[TRY IT] Write out, word for word and with no pictures, each line below from the one containing "River, AZ 85087" through the one containing "Máy Niệm Phật", both included, and no other line.

[RAW DATA]
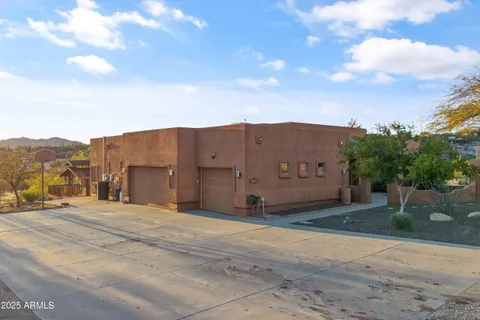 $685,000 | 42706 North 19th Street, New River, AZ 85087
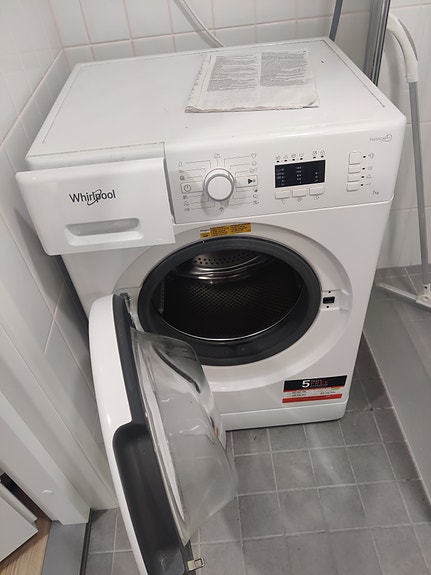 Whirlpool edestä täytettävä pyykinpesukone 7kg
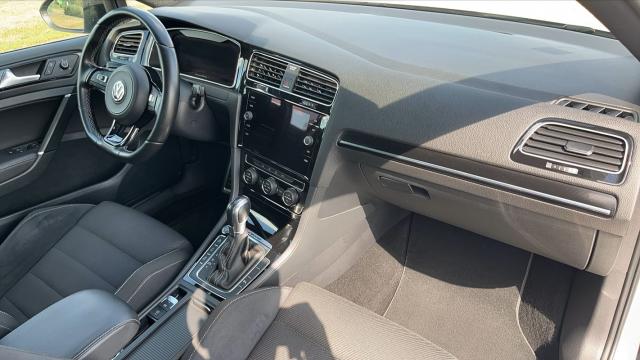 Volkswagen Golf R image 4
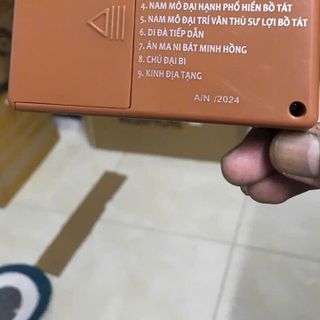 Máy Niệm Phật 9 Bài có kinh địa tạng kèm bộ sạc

* * *

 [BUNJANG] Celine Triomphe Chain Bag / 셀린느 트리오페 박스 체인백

[RESULT OF THIS EXERCISE]
 $685,000 | 42706 North 19th Street, New River, AZ 85087
 Whirlpool edestä täytettävä pyykinpesukone 7kg
 Volkswagen Golf R image 4
 Máy Niệm Phật 9 Bài có kinh địa tạng kèm bộ sạc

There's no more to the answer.